Throughout much of the 14th and the first half of the 15th centuries, the history of France was synonymous with the Hundred Years War. Following a series of disastrous military defeats, much of France was occupied by England and its continental allies. Initially a struggle over the monarchal succession, the war took on the tone of a religious crusade in 1429 AD when a young, uneducated and inexperienced maid from the province of Lorraine took command of what was left of the French army, leading them to unexpected victory at Orleans. In 1431, she was falsely tried and executed in Rouen by corrupt church officials at the behest of the English. Rouen is now full of sites related to its favorite daughter, including the church where she was tried, her prison and the place where she was executed. Christian pilgrims and French patriots have been visiting Rouen ever since.
Joan of Arc was born in 1412, around the time that the Kingdom of France was approaching its nadir. As she entered her teen years, she received a series of miraculous visions from Sts. Catherine, Margaret and Michael in which she was commanded to rally France against the English and restore the crown prince of France to the throne. Aided by an earlier prophecy of a savior that would come in the form of a ‘Maid from Lorraine’, she arranged for an audience with Charles VII, during which she convinced him of her divine mission. Charles consented and turned nominal command of the French army over to her. Whether due to divine intervention, an instinct for military strategy or just plain luck, her subsequent campaign to liberate the Loire Rive Valley was nothing short of miraculous.
Joan’s first and greatest victory came at the city of Orleans, which was then under siege by the English. After weeks of stalemate, the French overcame the English siege positions a mere nine days after Joan arrived. While there are some questions about her tactical contributions, there is no doubt of her inspirational role as she rode at the forefront of every French charge. During the final engagement, Joan pulled an arrow from her own chest before continuing to fight. Later, she led the French forces on a march along the Loire Valley. Throughout the early summer of 1429 town after town fell. A reserve army sent out by the English to stop the French advance was slaughtered at the Battle of Patay. On July 16, Joan and her army arrived at Reims, her strategic and spiritual goal. The next day, Charles VIII entered the city to thunderous acclaim and was crowned King of France in the ancient cathedral there.

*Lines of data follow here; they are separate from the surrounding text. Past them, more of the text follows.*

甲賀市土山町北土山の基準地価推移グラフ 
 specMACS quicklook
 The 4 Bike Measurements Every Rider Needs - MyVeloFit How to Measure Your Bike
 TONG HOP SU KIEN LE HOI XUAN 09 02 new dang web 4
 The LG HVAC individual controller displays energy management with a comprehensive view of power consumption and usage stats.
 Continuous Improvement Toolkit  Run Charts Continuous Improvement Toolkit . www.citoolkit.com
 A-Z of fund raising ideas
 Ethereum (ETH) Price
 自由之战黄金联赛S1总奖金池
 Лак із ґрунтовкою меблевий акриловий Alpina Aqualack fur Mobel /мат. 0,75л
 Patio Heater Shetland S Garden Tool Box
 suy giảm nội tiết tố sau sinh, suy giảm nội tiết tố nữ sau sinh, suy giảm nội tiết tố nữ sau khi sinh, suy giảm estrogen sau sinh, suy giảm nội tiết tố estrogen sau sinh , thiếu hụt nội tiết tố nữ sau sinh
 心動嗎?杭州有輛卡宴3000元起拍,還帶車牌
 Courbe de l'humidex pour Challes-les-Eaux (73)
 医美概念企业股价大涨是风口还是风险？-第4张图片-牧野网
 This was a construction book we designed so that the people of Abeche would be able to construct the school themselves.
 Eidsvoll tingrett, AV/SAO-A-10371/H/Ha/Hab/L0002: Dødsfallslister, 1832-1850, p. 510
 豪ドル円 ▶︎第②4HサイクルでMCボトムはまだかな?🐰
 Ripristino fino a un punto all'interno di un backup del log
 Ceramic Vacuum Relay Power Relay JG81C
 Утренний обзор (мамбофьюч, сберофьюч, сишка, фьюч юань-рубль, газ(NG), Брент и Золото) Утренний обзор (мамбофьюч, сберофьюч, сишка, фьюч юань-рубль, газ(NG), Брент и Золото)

In less than three months, Joan of Arc had accomplished her mission. However, following the coronation, Joan of Arc pressed the king to march on Paris. Political squabbling prevented him from sending anything but a small token force, and after a short siege, the French were forced to abandon the city. Over the next nine months, Joan participated in a number of military engagements against the enemy, until she was captured at Compiegne on May 23, 1430. The English decided to exact a brutal revenge upon her, and through the machinations of corrupt Church officials declared her to be a heretic. The ensuing farce of a trial was followed by a series of confessions and recantings, at the end of which Joan was condemned to death. The utterly ungrateful King Charles did nothing to intervene. On May 30, 1431, she was burned at the stake in the main square of Rouen.
At first stunned by the loss, the French peasantry and army soon rallied in her memory. The subsequent and last phase of the war lasted another twenty-two years, but when it was over the English were driven out of the whole of France except for Calais. By the middle of the 15th century, Joan of Arc was the national martyr-heroine of France, and a repentant monarchy spent the next four hundred and fifty years finding endless ways to honor her. The Church also had serious second thoughts about the whole affair, and after a review of the case, absolved Joan of any wrongdoing. Nevertheless she was canonized until the 20th century.
The Place De Vieux Marche is the central square of Rouen, and many of the sites associated with the final year and death of Joan of Arc are located here. Most notably, it was in this square that Joan of Arc was burned alive on May 30, 1431. Many who witnessed the event knew that an innocent and probably holy woman was being killed, and so to stave off any belief that she escaped, the English displayed the body and then burned it again. Her remains were dumped ignominiously into the river. A cross marks the spot in the square where she was martyred.
Nearby is the Tour Jean d’Arc, the tower where she was imprisoned and threatened with torture. It is the only surviving remnant of an earlier castle, and Joan of Arc may have spent some or all of her time in another one of the castle’s other towers. The existing structure now houses an exhibit on Joan of Arc. The tower also offers excellent views of the city.
The Place de Vieux Marche is located at the city center of Rouen, approximately ninety miles northeast of Paris. It is an open site. Web: www.rouentourisme.com (official tourism website of Rouen)
During the late Middle Ages, Rouen was one of Northern France’s great cathedral towns. The Notre Dame Cathedral of Rouen was one of the largest cathedrals of its day, and for a brief time was the tallest structure in Europe. The cathedral is also home to the tomb of Richard the Lionheart, although only his heart is located here. Also in Rouen is the 20th century Church of St. Joan of Arc, the remarkably unattractive church dedicated to Rouen’s favorite daughter, as well as the Joan of Arc Museum.